Information shown →
Segment Open

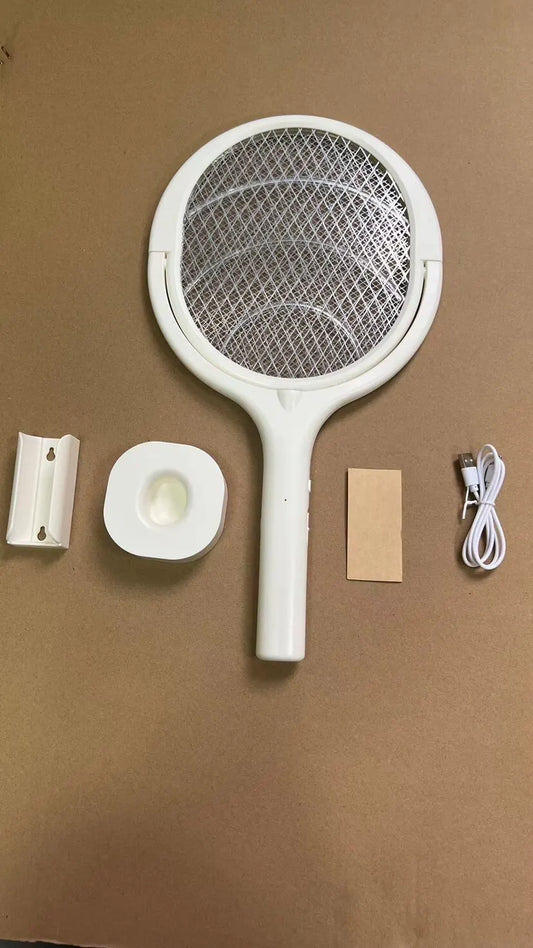 5-in-1 Electric Mosquito Swatter with Fast Charging, Safety Insulation, Adjustable Settings, and Battery-Powered Bug Zapper Lamp
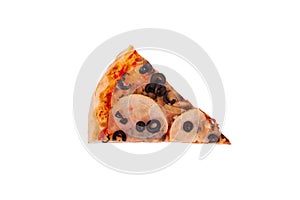 A slice of delicious pizza with ham, mozzarella, mushrooms and olives, isolated on white background, top view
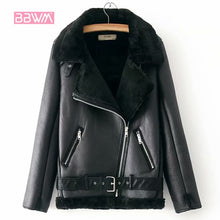 Lade das Bild in den Galerie-Viewer, Winterwarme Damen Motorrad Motorrad Samt kurze Jacke
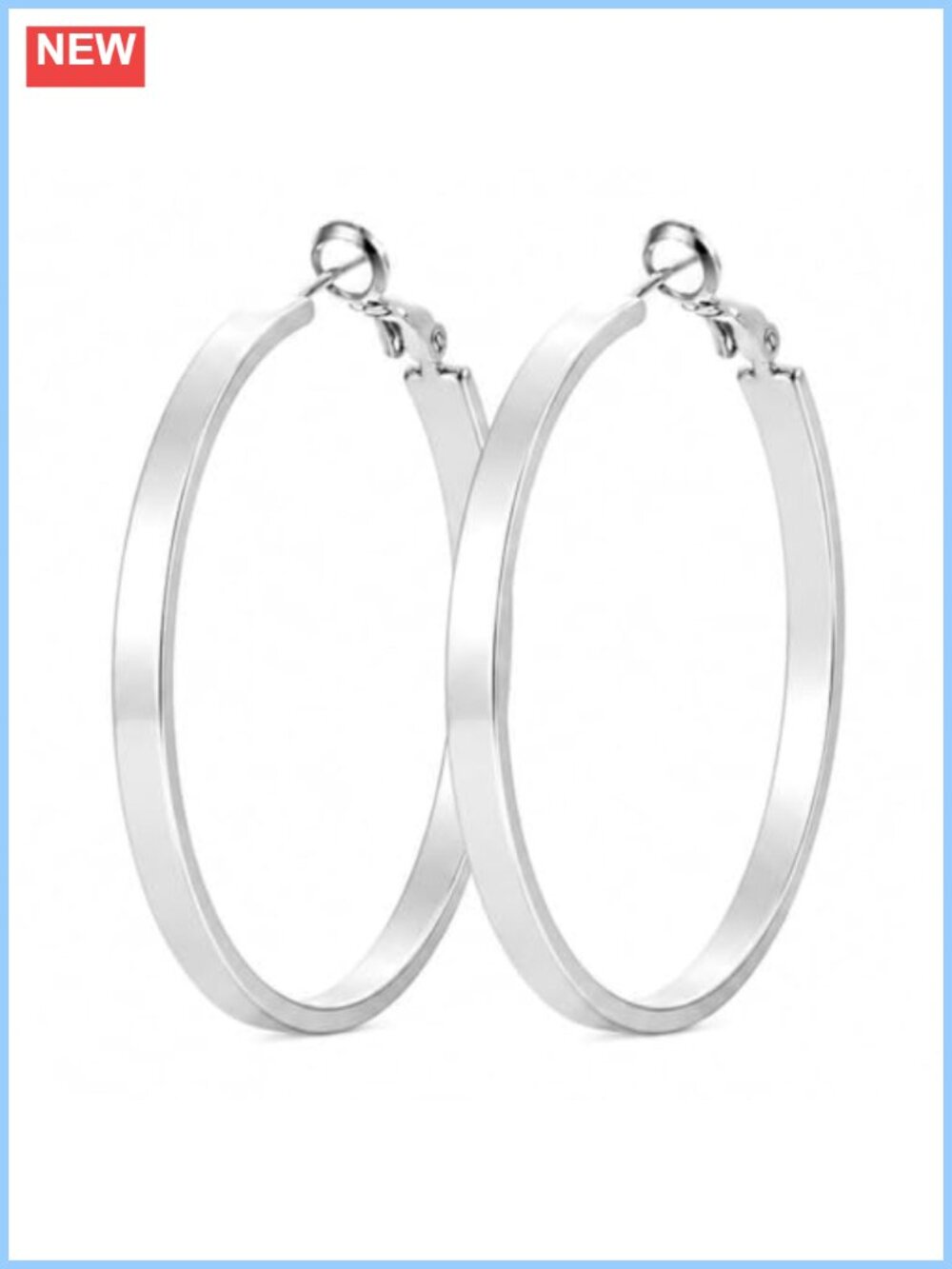 Large Hoop Earrings Platinum Plated Sterling Silver Post Lightweight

Segment Closed

Your task → Beginning at the line that contains "A slice of delicious", retype each line of the data above through the very last one. Do not retype the pictures.

Task response →
 A slice of delicious pizza with ham, mozzarella, mushrooms and olives, isolated on white background, top view
 Lade das Bild in den Galerie-Viewer, Winterwarme Damen Motorrad Motorrad Samt kurze Jacke
 Large Hoop Earrings Platinum Plated Sterling Silver Post Lightweight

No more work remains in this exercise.